Italia sommersa dai referendum. L’ondata social che può travolgere il Parlamento
«Ma il Parlamento, ce lo abbiamo ancora?». Autunno alle porte, piovono referendum come castagne e anche sul Colle comincia a serpeggiare un filo di inquietudine. Sergio Mattarella, da sempre strenuo paladino dell’autonomia e delle prerogative delle assemblee elettive, non può certo essere felice: è vero, anche le consultazioni popolari fanno parte del gioco democratico, anzi, ne costituiscono una «componente essenziale», però tutta questa grandinata di quesiti, di si e di no, conferma il progressivo declino di Montecitorio e Palazzo Madama.

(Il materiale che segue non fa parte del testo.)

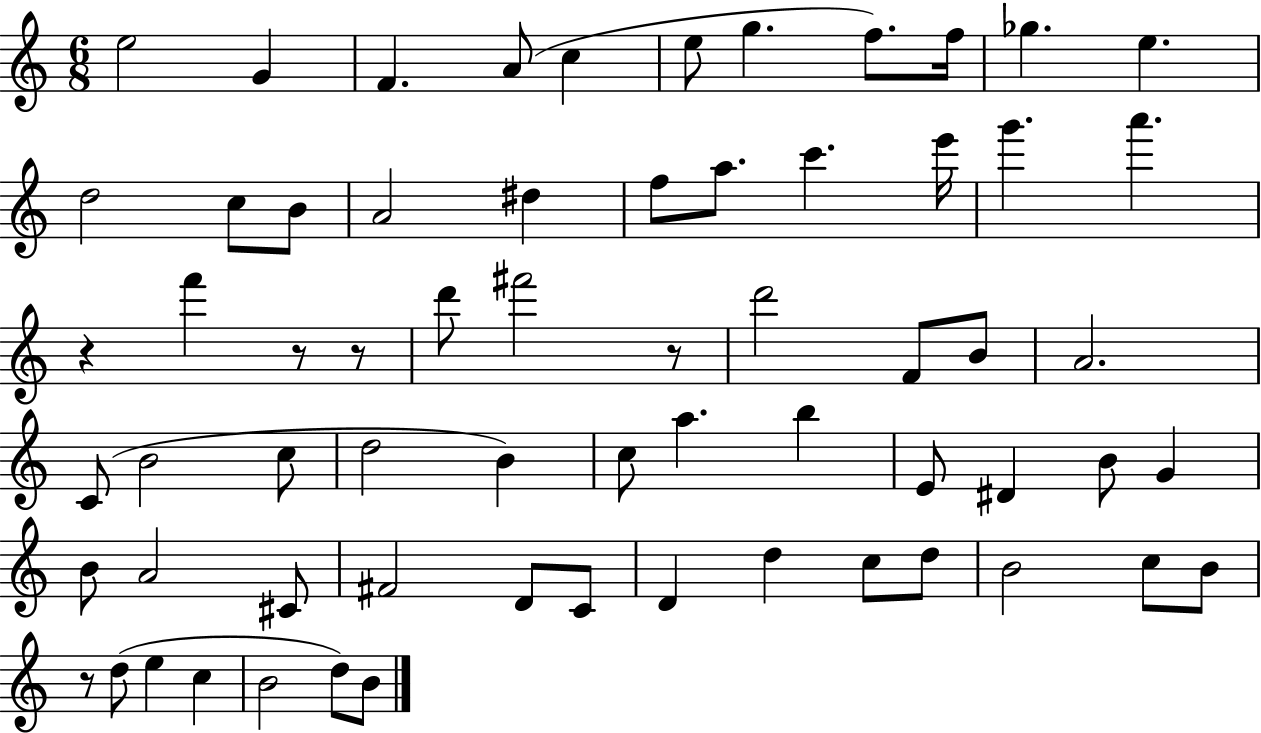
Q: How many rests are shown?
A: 5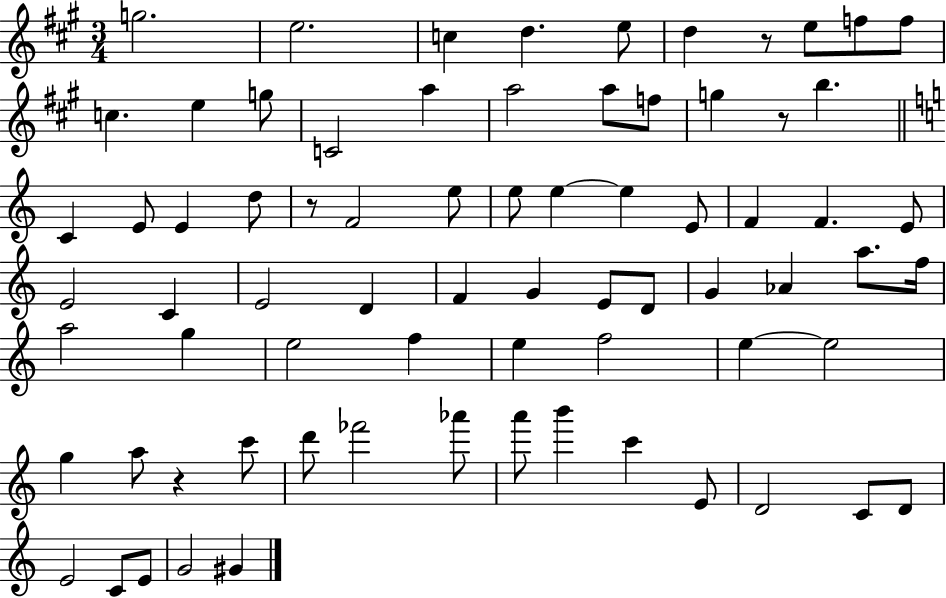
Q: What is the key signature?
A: A major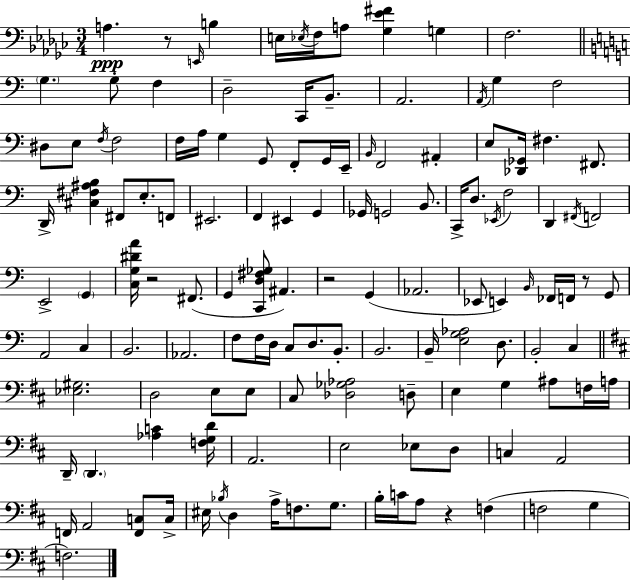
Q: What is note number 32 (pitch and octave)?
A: F2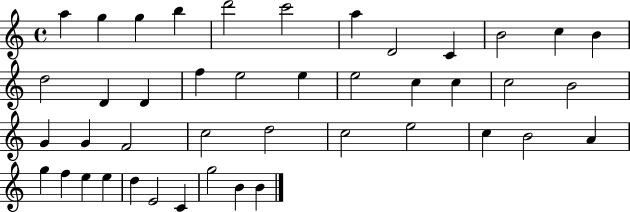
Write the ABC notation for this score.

X:1
T:Untitled
M:4/4
L:1/4
K:C
a g g b d'2 c'2 a D2 C B2 c B d2 D D f e2 e e2 c c c2 B2 G G F2 c2 d2 c2 e2 c B2 A g f e e d E2 C g2 B B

Basta un clic, una sigla elettronica, tre euro da versare, e Camera e Senato diventano irrilevanti.
Insomma, visto che i partiti latitano e perdono tempo a litigare, che sono schiacciati dal governo e non toccano palla sulle scelte fondamentali del Paese, ora tocca alla politica fai-da-te, a chilometro zero, dal produttore al consumatore, Mezzo milione di firme in sette giorni per la liberalizzazione della cannabis, poi sarà la volta dell’eutanasia, della giustizia, della caccia, e di chissà che altro. Battaglie giuste e meno giuste si mischiano a grandi questioni di coscienza. Ecco pure i no vax e no pass. A Milano è partita la raccolta per cancellare il certificato vaccinale: difficile che arrivino al quorum e che la Cassazione autorizzi il quesito, ma intanto loro ci provano e strappano un altro frammento di visibilità. Insomma, gli italiani stanno trovando una scorciatoia.

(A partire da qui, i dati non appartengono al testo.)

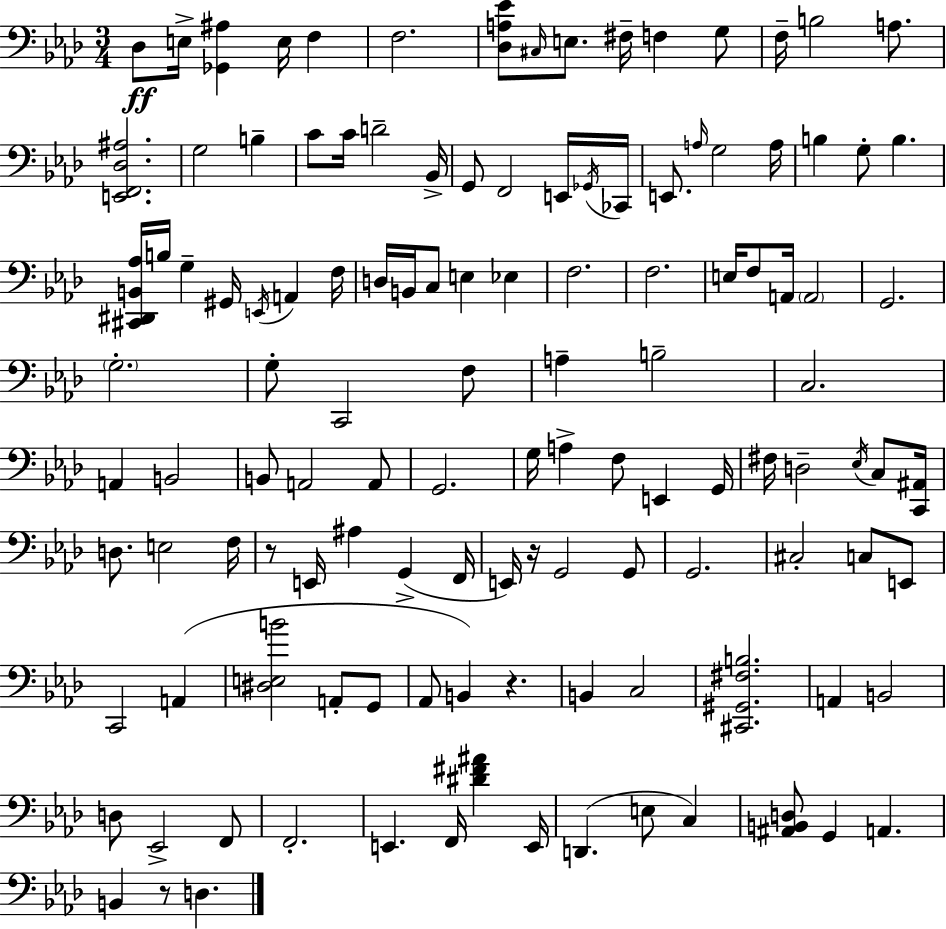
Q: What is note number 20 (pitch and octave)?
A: G2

Eppure, solo qualche anno fa dopo gli ultimi fallimenti, si celebrava il tramonto dell’istituto referendario. Non funziona più, si diceva, non si riesce a portare la gente al gazebo, Sbagliato. A tirarlo improvvisamente fuori dall’archivio ci ha pensato la firma digitale. La tecnologia ha così aperto scenari imprevisti e travolto i partiti, presi totalmente in contropiede. Tutti tranne i radicali, che ne detengono il brevetto, il marchio di fabbrica. «Un giorno straordinario – dice Emma Bonino – la strada della libertà e l’unica contro i sovranismi. Questo risultato è una spinta politica fenomenale a un Parlamento che dorme da anni».

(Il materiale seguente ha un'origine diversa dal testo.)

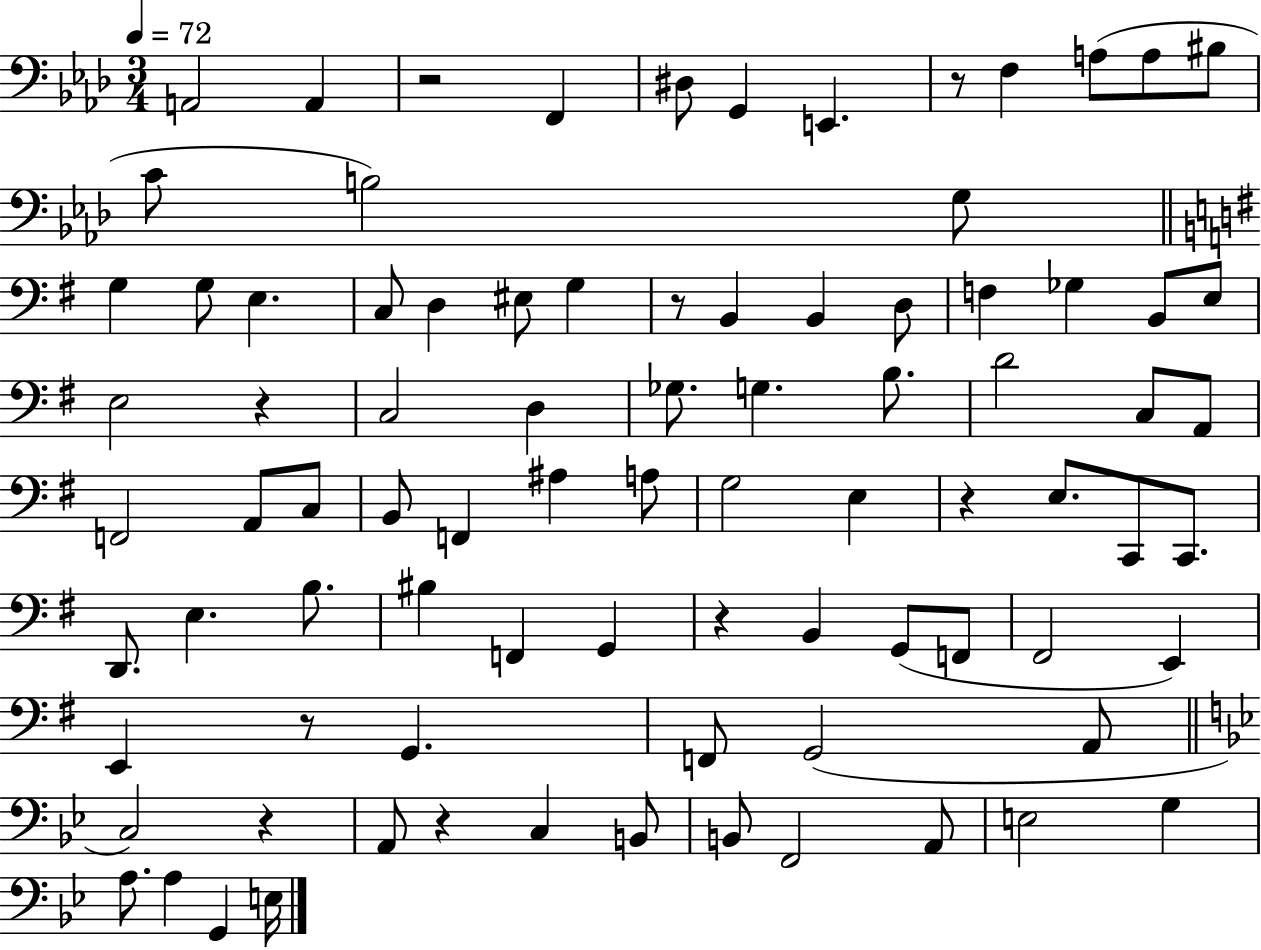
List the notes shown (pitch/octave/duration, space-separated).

A2/h A2/q R/h F2/q D#3/e G2/q E2/q. R/e F3/q A3/e A3/e BIS3/e C4/e B3/h G3/e G3/q G3/e E3/q. C3/e D3/q EIS3/e G3/q R/e B2/q B2/q D3/e F3/q Gb3/q B2/e E3/e E3/h R/q C3/h D3/q Gb3/e. G3/q. B3/e. D4/h C3/e A2/e F2/h A2/e C3/e B2/e F2/q A#3/q A3/e G3/h E3/q R/q E3/e. C2/e C2/e. D2/e. E3/q. B3/e. BIS3/q F2/q G2/q R/q B2/q G2/e F2/e F#2/h E2/q E2/q R/e G2/q. F2/e G2/h A2/e C3/h R/q A2/e R/q C3/q B2/e B2/e F2/h A2/e E3/h G3/q A3/e. A3/q G2/q E3/s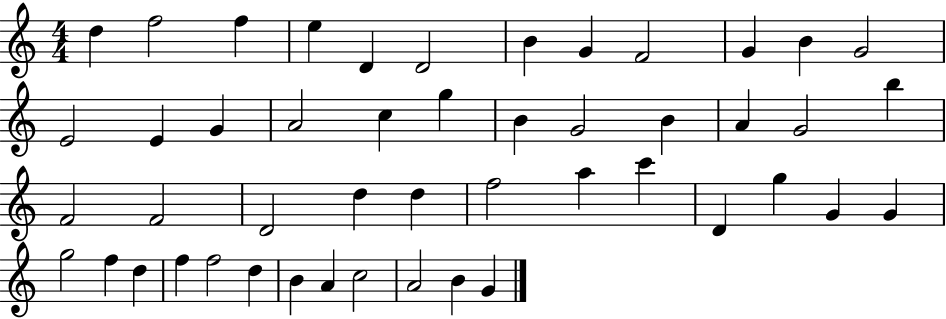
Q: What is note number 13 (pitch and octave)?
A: E4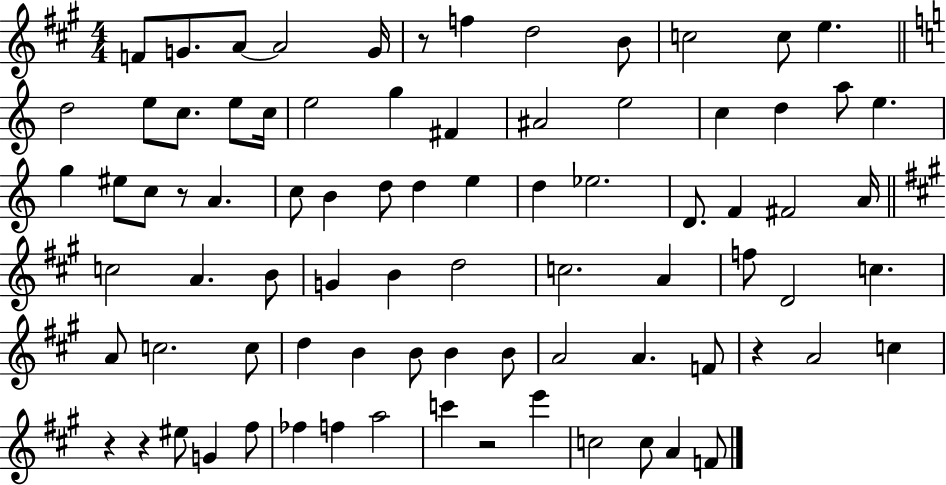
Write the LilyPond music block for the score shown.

{
  \clef treble
  \numericTimeSignature
  \time 4/4
  \key a \major
  \repeat volta 2 { f'8 g'8. a'8~~ a'2 g'16 | r8 f''4 d''2 b'8 | c''2 c''8 e''4. | \bar "||" \break \key a \minor d''2 e''8 c''8. e''8 c''16 | e''2 g''4 fis'4 | ais'2 e''2 | c''4 d''4 a''8 e''4. | \break g''4 eis''8 c''8 r8 a'4. | c''8 b'4 d''8 d''4 e''4 | d''4 ees''2. | d'8. f'4 fis'2 a'16 | \break \bar "||" \break \key a \major c''2 a'4. b'8 | g'4 b'4 d''2 | c''2. a'4 | f''8 d'2 c''4. | \break a'8 c''2. c''8 | d''4 b'4 b'8 b'4 b'8 | a'2 a'4. f'8 | r4 a'2 c''4 | \break r4 r4 eis''8 g'4 fis''8 | fes''4 f''4 a''2 | c'''4 r2 e'''4 | c''2 c''8 a'4 f'8 | \break } \bar "|."
}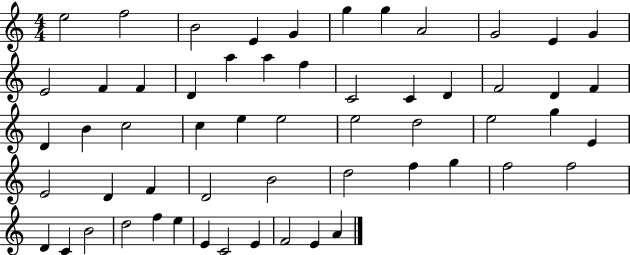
X:1
T:Untitled
M:4/4
L:1/4
K:C
e2 f2 B2 E G g g A2 G2 E G E2 F F D a a f C2 C D F2 D F D B c2 c e e2 e2 d2 e2 g E E2 D F D2 B2 d2 f g f2 f2 D C B2 d2 f e E C2 E F2 E A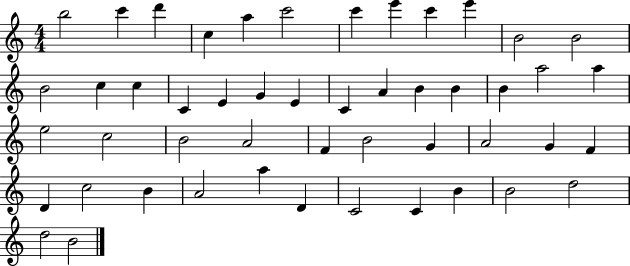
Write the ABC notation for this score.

X:1
T:Untitled
M:4/4
L:1/4
K:C
b2 c' d' c a c'2 c' e' c' e' B2 B2 B2 c c C E G E C A B B B a2 a e2 c2 B2 A2 F B2 G A2 G F D c2 B A2 a D C2 C B B2 d2 d2 B2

Forse non dorme, di certo non è un fulmine di guerra e non si ammazza di superlavoro. Infatti, stando a una ricerca di Openpolis, nonostante l’energica spinta riformatrice emanata dal governo Draghi, nel 2021 le Camere sono riuscite ad approvare in via definitiva appena cinque (5) leggi. Ora rischia di essere messo all’angolo dalla nuova infornata di quesiti. Le forze politiche annaspano e studiano rimedi, freni, correttivi. Però ancora una volta non entrano nel merito dei problemi sollevati dai referendum. Per quattro volte la Consulta ha invitato le Camere a legiferare sui cosiddetti «temi sensibili». Risultati, zero.